The Real Black Panthers are Dying in Prison

The terrible condition of elderly Black prisoners in the United States who are veterans of the struggle of Black people for freedom in the 1960s and 70s is an indictment of US democracy and its judiciary. The prisoners below (not an exhaustive list) have been incarcerated during at least three and up to seven alternations between Republican and Democratic administrations, including Carter, Clinton, Obama, and now Biden.

These and other prisoners have faced a unified and decades-long effort by ruling-class personalities of all backgrounds to exclude all recognition and mention of them from public life. The most high-profile among them – Mumia Abu-Jamal – is confined to the sphere of journalistic activity through Pacifica Radio.

We can contrast this with the fate of the pro-independence Puerto Rican political prisoners, whose campaign in the 90s was joined by Puerto Rican members of the House and whose sentences were commuted by Clinton in 1999.

In one very instructive incident during Obama’s second term in early 2014, a Senate with a secure Democratic majority blocked the administration’s nomination of an NAACP official to fill a DOJ position. The sole reason for his rejection: he had committed the offense of serving as appeal counsel for Mumia. The clear message of this event was twofold. First, the most important characteristic for a liberal lawyer’s career advancement in our time is cowardice. Second, Black political prisoners are so far removed from the acceptable political world that simply working for their constitutional rights will disqualify someone from holding public office.
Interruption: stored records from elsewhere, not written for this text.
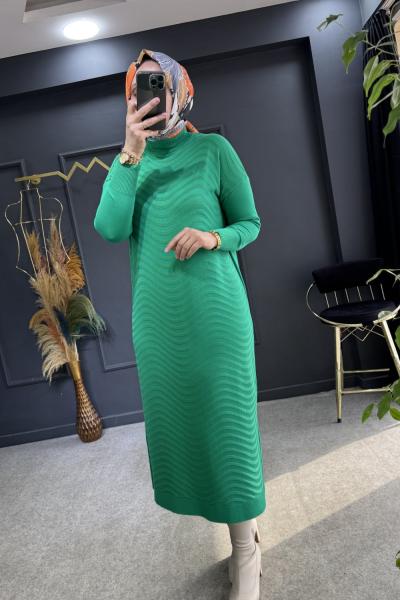 Sena merserize elbise(2880) Benetton Yeşilli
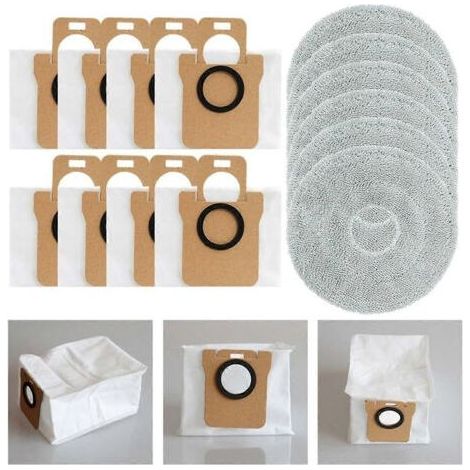 NALOOKAMIC Sacs à poussière et lingettes pour balais à franges Dreame L10S Ultra, L10 Ultra, L10 Prime et L20 Ultra, sacs pour aspirateur et balais à franges humides (1/4)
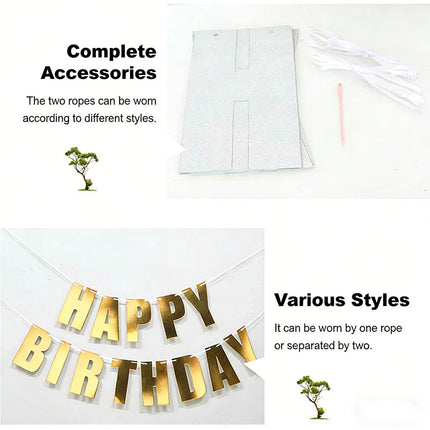 3 Pcs Happy Birthday Party Banner Flag Hanging Decoration Bunting Garland Gold Pink Clear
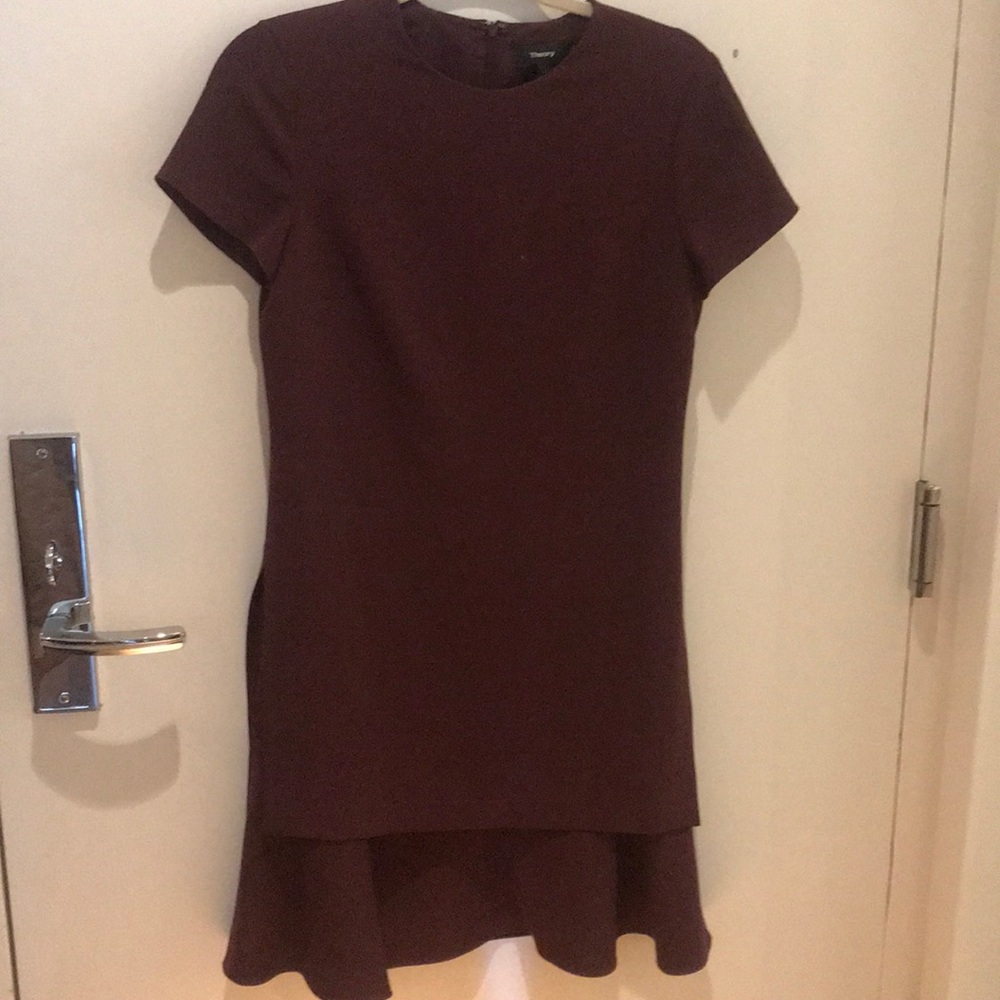 Maroon Theory Flounce Dress short sleeve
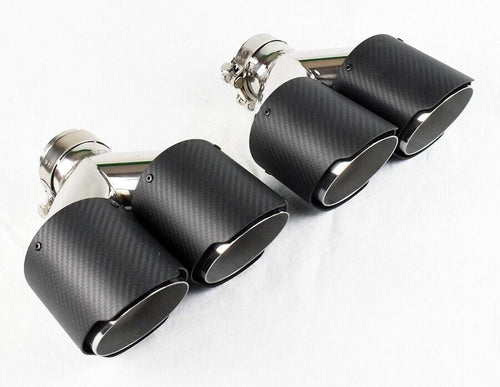 2.5in inlet to 4in outlet Carbon fiber Quad Style Exhaust Tips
In the decades since the conclusion of the mass movements of the 60s and 70s, former political prisoners have filled parliamentary and executive seats in governments throughout the world. Aside from the often-cited case of Nelson Mandela, one encounters opposition parliamentarians in Ireland and Basque Country; a recent series of once imprisoned ex-guerrillas at the summit of their respective states in Bolivia, Uruguay, and Brazil; etc.

On the one hand, this teaches us a lesson on the flexibility of the party systems of capitalist democracy: their capacity to renew themselves while keeping basic economic relations in place. On the other hand, it exposes just how restricted and hypocritical are the limits of the world’s “model” democracy here in the US. Here, the Democratic Party as a whole in 2021 approaches the question of Black political prisoners in the same way Margaret Thatcher in 1981 approached the election of Irish political prisoner Bobby Sands to the British Parliament: “Crime is crime is crime. It is not political. It is crime. There can be no question of granting political status.” Thus, we have the travesty of elders cruelly mistreated – essentially sentenced to death by medical neglect – and a society fixed in its dense refusal to consider the context and nature of their convictions.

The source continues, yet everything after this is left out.